Experience Deploying ML

Jördening: What was your experience deploying ML in the beginning? Roland, for you, it's probably nowadays, and Monte for you it's then why did you jump into more the ML Ops part, or in your case the feature stores part?

Meertens: I think there's this famous paper by Google, I saw Francesca also referencing it, where you have hidden technical depth in machine learning systems. They have this picture where you basically show the amount of machine learning code and the amount of all the other code. Basically, I think the machine learning algorithm is only a tiny thing, eventually, of the whole machine learning infrastructure. I think another famous example of someone who confirms this is Andrej Karpathy, who is now the lead computer vision engineer at Tesla, where he says, yes, when I was a PhD student, I cared a lot of my time about machine learning algorithms. Now that I'm at Tesla, 90% of my time, I care about data and ML Ops, and bringing this model into production. I think that ML Ops is really one of the most important parts of the machine learning algorithm. It's really how you go from the knowledge of how you can build an algorithm to actually making customers happy and verifying that everything is correct. That's why I like it so much, or that's why I moved more into that direction.

Zweben: I had a very similar experience, two companies that I worked at had an experience that was very similar.

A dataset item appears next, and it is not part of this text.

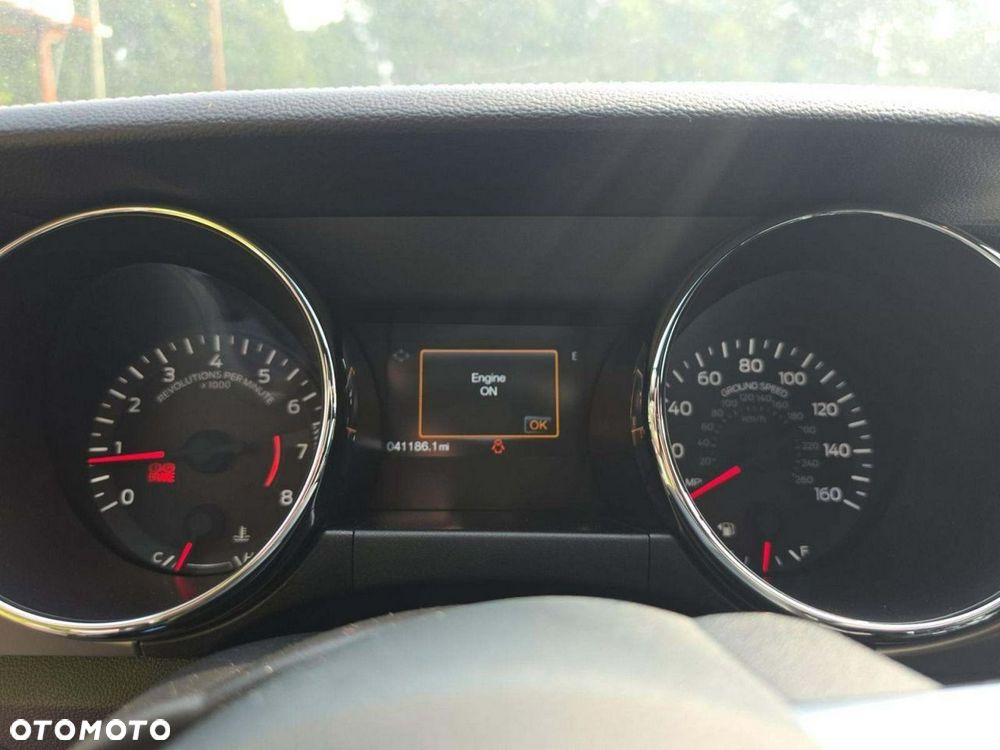 Ford Mustang 5.0 V8 GT - 6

It's not just the amount of code. It's also the amount of people and the amount of time. The same thing goes for the amount of people that you need to hire for essentially assembling the pipelines into the models and pushing the models back out into the applications. You have a lot of people that are dedicated to this. From just a pure business sense, the P&Ls of companies that do machine learning, have a tremendous expense on the number of people. Then, if you look at the amount of time spent in operational machine learning environments, this amount of time is spent on experimentation, and this amount of time is spent on feature engineering and model Ops, and everything else.

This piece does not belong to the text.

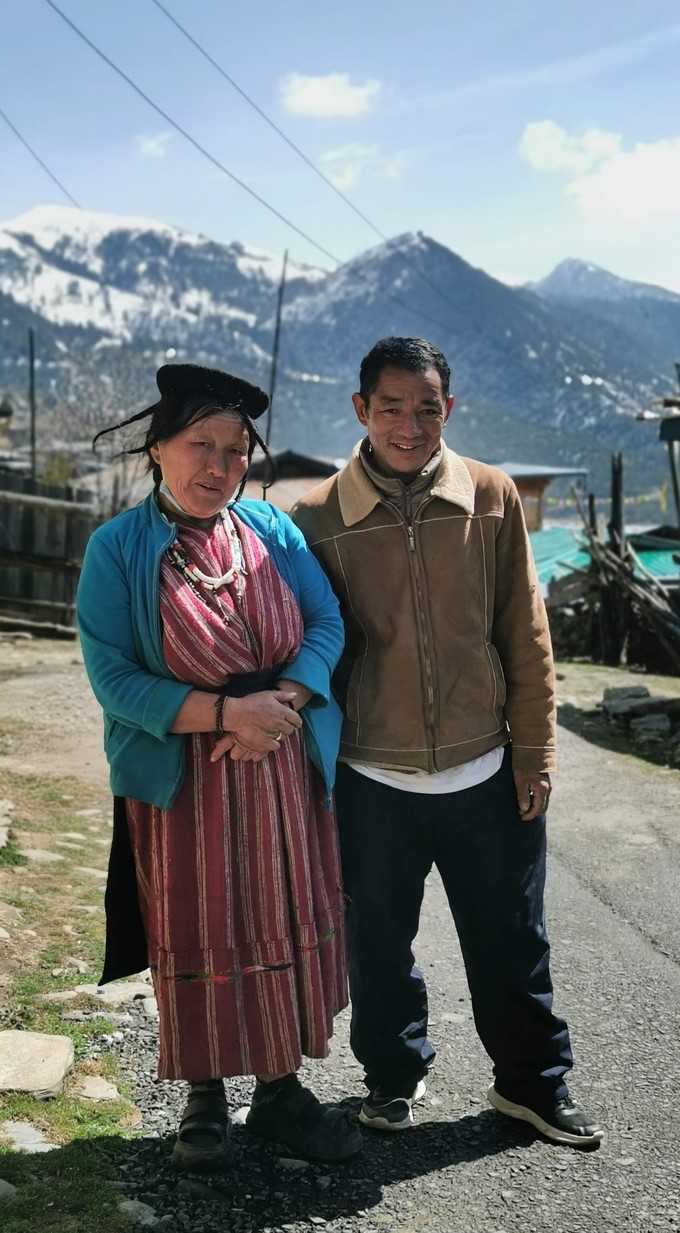 Unsere Wirtin in Merak Sie gehört der Volksgruppe der Brokpa an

At Blue Martini, before the big data architecture was available, back in the old days of machine learning where I had started commercializing machine learning, this was all about getting the data from my transactional Oracle systems to Oracle analytical systems. Just making that the foundation for the machine learning later, when I was chairman and then CEO for Rocket Fuel. We had a 20 petabyte HBase architecture for serving models, and a tremendous Hadoop cluster for essentially the underpinnings of the features and for the training environments. It just was so many people. It was hundreds of people. The reason why I started Splice Machine was realizing that what we did at Rocket Fuel couldn't be the way that your arbitrary insurance company, or your manufacturer, or your government agency could do it anymore. It was just not cost effective. We focused on this problem to just bring down those burdens in terms of amount of code, amount of time, and amount of people.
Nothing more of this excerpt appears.